- [STUDY MATERIAL]:
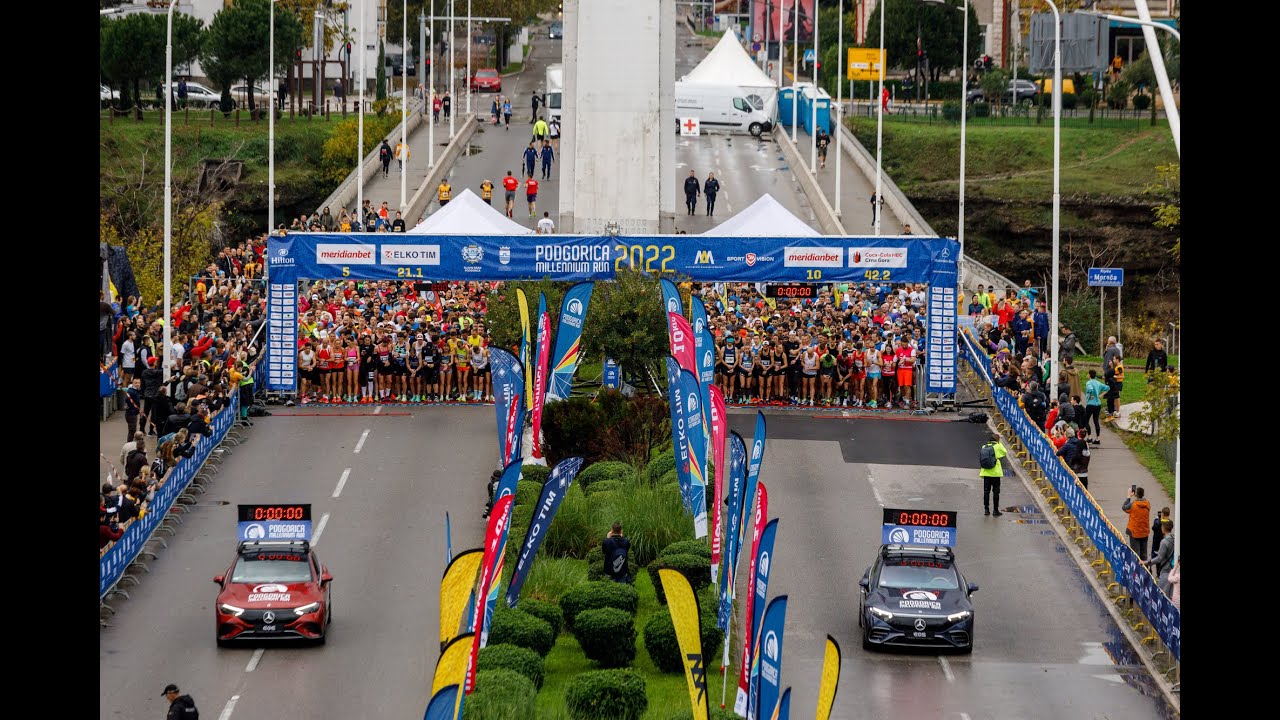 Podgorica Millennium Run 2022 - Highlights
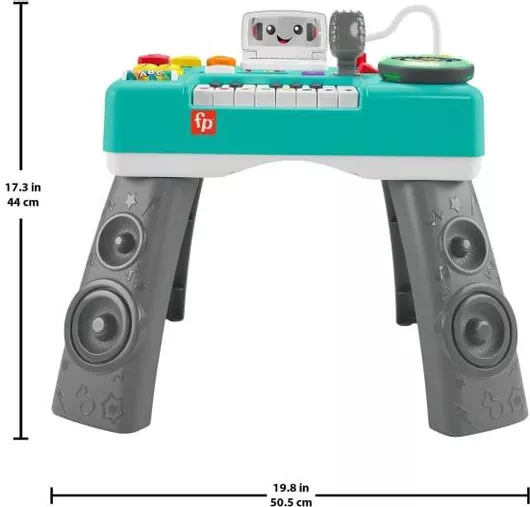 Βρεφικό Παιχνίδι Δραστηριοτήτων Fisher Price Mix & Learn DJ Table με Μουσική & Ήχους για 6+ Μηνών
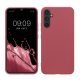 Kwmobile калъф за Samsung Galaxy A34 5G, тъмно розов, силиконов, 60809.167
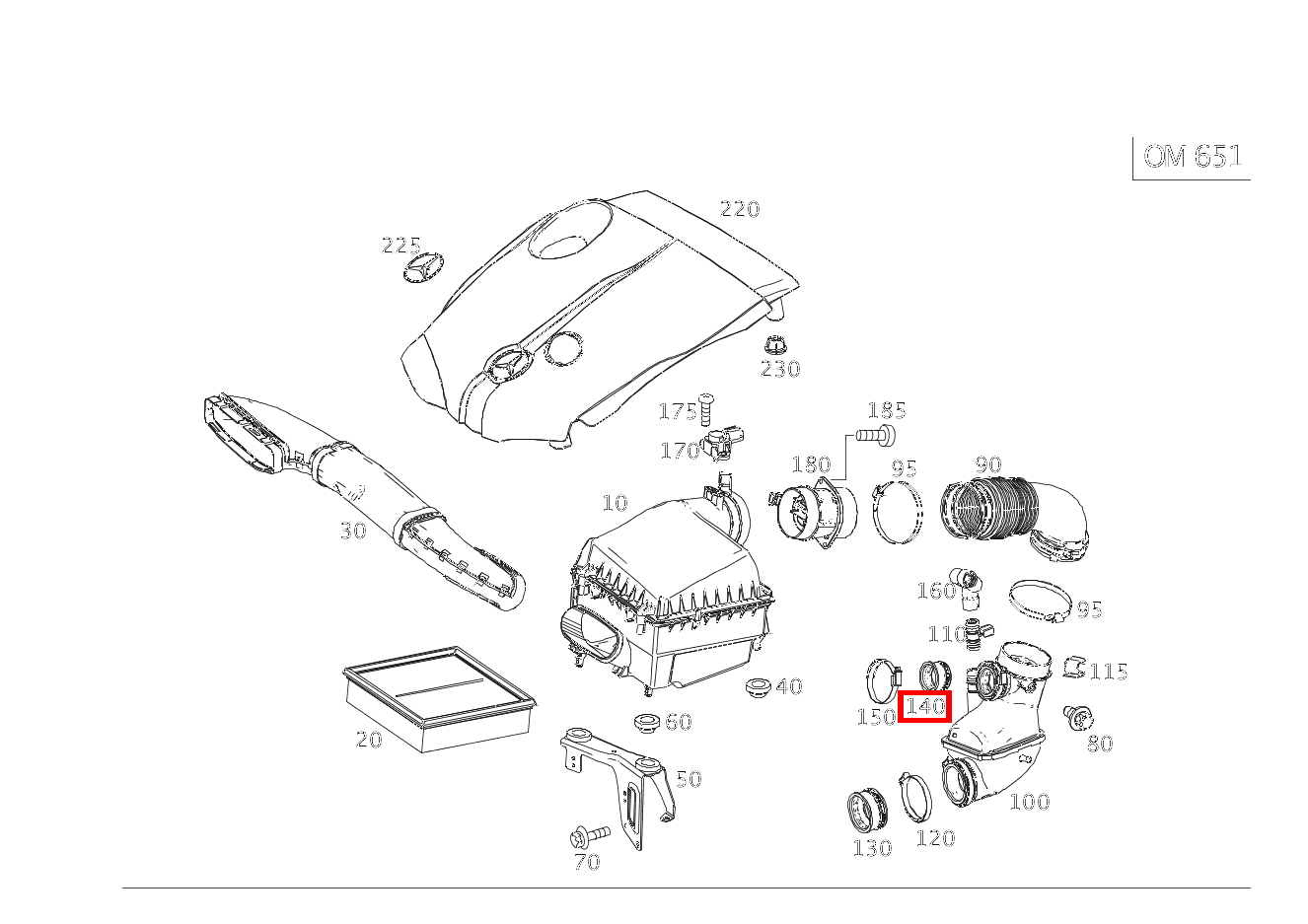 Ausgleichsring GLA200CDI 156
---
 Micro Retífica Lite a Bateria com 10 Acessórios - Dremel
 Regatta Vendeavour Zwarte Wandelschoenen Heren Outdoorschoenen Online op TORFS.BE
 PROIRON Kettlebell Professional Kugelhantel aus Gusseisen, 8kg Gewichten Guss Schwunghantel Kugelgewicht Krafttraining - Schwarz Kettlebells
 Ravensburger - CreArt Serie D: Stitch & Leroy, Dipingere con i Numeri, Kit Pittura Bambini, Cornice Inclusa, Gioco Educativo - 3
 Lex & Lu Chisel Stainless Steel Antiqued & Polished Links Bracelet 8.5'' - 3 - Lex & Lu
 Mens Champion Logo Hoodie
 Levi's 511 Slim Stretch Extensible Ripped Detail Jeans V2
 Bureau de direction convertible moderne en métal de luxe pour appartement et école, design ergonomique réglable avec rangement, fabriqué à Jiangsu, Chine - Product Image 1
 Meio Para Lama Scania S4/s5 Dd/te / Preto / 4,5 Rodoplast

- [ABOUT THIS TASK]:
Copy exactly, without pictures, the lines above from the one with "Podgorica Millennium Run 2022 - Highlights" down to the one with "Ausgleichsring GLA200CDI 156", inclusive.

- [YOUR SOLUTION]:
 Podgorica Millennium Run 2022 - Highlights
 Βρεφικό Παιχνίδι Δραστηριοτήτων Fisher Price Mix & Learn DJ Table με Μουσική & Ήχους για 6+ Μηνών
 Kwmobile калъф за Samsung Galaxy A34 5G, тъмно розов, силиконов, 60809.167
 Ausgleichsring GLA200CDI 156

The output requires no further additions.